Newton, Massachusetts schools sent a letter home with students this week encouraging caretakers to preview the show before letting even teens watch it, describing the show as “difficult” and warning that kids could be “overwhelmed” by the subject matter.

The show has faced a flood of criticism since appearing on the online streaming service earlier in the month, with critics claiming the show, which is based on a teen novel of the same name, glorifies suicide as a way of sending a message.

The book 13 Reasons Why, a young adult bestseller, followed a young teen girl, Hannah Baker, who leaves coded messages to thirteen friends, acquaintances, bullies, and key figures in her high school to teach them a lesson about how to treat other people in the wake of her suicide.

That right there, the concept, is the problem. It’s why Newton schools are warning parents, and why many other parents have made similar decisions on their own.

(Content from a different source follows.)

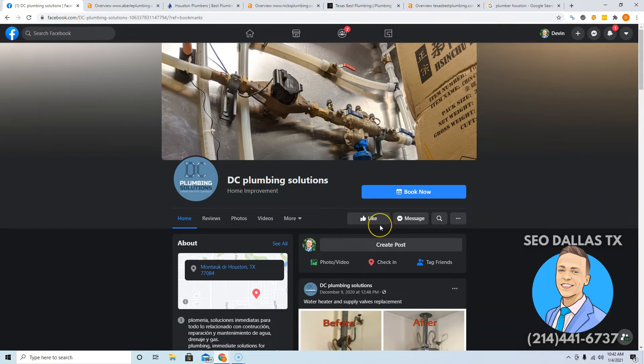Hey Daniel, this is Devin Norton from SEO Dallas Texas. Thank you so much for taking a couple minutes to watch this video. I'm going to show you three easy ways to beat your competition online if you implement these tips today.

The idea of suicide “teaching” the people left behind can be a powerful thing to someone who feels powerless. The idea that “If I kill myself, that’ll show them” is seductive. To have a show that literally has people being shown the error of their ways following a suicide may be incredibly tempting to someone teetering on the brink.

Further, it appears the show lacks the nuance of the book. Whereas the book reportedly made it clear that the suicide was the result of profound mental issues that wouldn’t have been resolved by changes in behavior, that appears to be missing from the Netflix series.

Depression in teens is a serious issue, and it is one that needs to be tackled as needed. During my high school years, I struggled with it plenty, even going so far as to contemplate suicide myself. Thankfully, I never did it, but it was in part because I knew it wouldn’t do anything except hurt my loved ones. Those I really wanted to hurt simply wouldn’t care.

By showing that a suicide can change people’s ways, however, Netflix has inadvertently argued that while your loved ones might hurt, you will radically change other people’s lives for the better. It makes suicide seem like a noble sacrifice.

It’s not.

Should you let your kids watch 13 Reasons Why? That’s for you to decide, but it’s also probably a good idea to also discuss that the show is a work of fiction. That means things will always work out the way the writers meant for them to, while reality is rarely so neat. The cops don’t always catch the bad guy, the roguish thief’s complicated plan often goes awry, and the sweet but geeky guy doesn’t actually get the girl. In that vein, suicide isn’t the answer.